W tym sezonie Grupa Azoty ZAKSA Kędzierzyn-Koźle nie radzi sobie tak, jak w poprzednich sezonach, kiedy wygrywała PlusLigę, czy Ligę Mistrzów. Wicemistrzowie Polski nie obronią nawet zdobytego cztery razy z rzędu Tauron Pucharu Polski. Kędzierzynian z gry wyeliminowała PSG Stal Nysa, mająca cztery „oczka” przewagi nad podopiecznymi Tuomasa Sammelvuo. Wszystko przez to, że wyniki nie są najlepsze. Ogromny wpływ na to miały kontuzje, które od samego początku trapią zawodników tego klubu.
Kontuzja Aleksandra Śliwki
Niedawno Kędzierzynianie stracili swojego kapitana – Aleksandra Śliwkę. W meczu Ligi Mistrzów przeciwko Knack Roeselare przyjmujący doznał kontuzji palca, która finalnie wymagała operacji. Początkowo zakładano kilkutygodniową przerwę, jednak jak się później okazało, ten powrót potrwa nieco dłużej.
Mimo absencji na boisku Śliwka wspiera swoich kolegów poza boiskiem. Jak napisał Łukasz Kaczmarek na Instastories, kapitan ZAKSY od razu po operacji, mimo wielkiego bólu, przyjechał do zawodników, żeby ich wspierać i być z nami w tych wyjątkowo trudnych momentach. Przyjmujący był także obecny na trybunach podczas ostatniego meczu ligowego, w którym Grupa Azoty ZAKSA Kędzierzyn-Koźle podjęła Aluron CMC Wartę Zawiercie.

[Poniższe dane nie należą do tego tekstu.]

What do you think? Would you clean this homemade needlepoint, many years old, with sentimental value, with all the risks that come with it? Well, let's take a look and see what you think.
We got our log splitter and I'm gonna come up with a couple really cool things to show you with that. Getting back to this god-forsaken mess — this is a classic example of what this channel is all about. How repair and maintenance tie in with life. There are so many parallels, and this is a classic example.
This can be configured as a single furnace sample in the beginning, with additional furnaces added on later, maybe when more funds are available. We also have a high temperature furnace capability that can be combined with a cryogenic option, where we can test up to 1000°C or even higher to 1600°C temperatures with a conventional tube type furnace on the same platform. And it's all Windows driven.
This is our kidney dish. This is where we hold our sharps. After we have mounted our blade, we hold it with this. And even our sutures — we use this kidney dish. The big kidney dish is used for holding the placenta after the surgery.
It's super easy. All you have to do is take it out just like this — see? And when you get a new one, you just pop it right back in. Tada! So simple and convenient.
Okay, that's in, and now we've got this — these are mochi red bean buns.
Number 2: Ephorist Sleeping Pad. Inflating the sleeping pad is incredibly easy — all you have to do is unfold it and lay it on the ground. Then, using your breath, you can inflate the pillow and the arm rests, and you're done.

Podopieczni Michała Winiarskiego ograli wicemistrzów kraju 3:1, pnąc się na trzecie miejsce w tabeli PlusLigi.
Nowe informacje nt. kontuzji Aleksandra Śliwki. Wtedy będzie coś wiadomo
Po spotkaniu Aleksander Śliwka porozmawiał przed kamerami Polsatu Sport z Tomaszem Swędrowskim. W krótkiej rozmowie kapitan ZAKSY zdradził, co z jego powrotem na boisko. Zawodnik nie był w stanie określić, kiedy to nastąpi, ale wskazał datę, kiedy będzie można to zrobić. – Nie jestem jeszcze w stanie wskazać dokładnej daty mojego powrotu. Będzie to możliwe dopiero za jakieś 1.5 tygodnia, kiedy będzie kolejny kontrolny rentgen – zdradził.

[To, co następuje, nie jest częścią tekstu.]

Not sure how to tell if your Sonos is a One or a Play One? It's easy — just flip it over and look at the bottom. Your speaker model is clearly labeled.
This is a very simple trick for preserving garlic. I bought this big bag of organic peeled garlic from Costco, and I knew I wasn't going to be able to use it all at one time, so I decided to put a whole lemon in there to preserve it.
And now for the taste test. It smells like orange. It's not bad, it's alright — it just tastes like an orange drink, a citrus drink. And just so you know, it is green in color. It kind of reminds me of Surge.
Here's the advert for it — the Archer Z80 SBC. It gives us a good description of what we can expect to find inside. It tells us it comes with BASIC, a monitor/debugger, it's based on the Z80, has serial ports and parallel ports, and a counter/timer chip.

Reprezentant Polski opowiedział również jak przebiega rehabilitacja oraz gojenie kontuzjowanego palca. – Na tę chwilę wszystko jest ok, palec się zrasta, wszystko jest stabilne. Muszę chodzić w stabilizatorze i w ochraniaczu, tak aby tego palca przypadkiem za mocno nie ruszyć. Jestem dobrej myśli – zakończył.
W sobotę 6 stycznia w hicie PlusLigi Grupa Azoty ZAKSA Kędzierzyn-Koźle podejmie Jastrzębski Węgiel. Oba zespoły z reguły mierzyły się w ostatnich sezonach w mecz o najwyższą stawkę, np. finał Ligi Mistrzów, mecz o mistrzostwo Polski, czy o Puchar i Superpuchar kraju.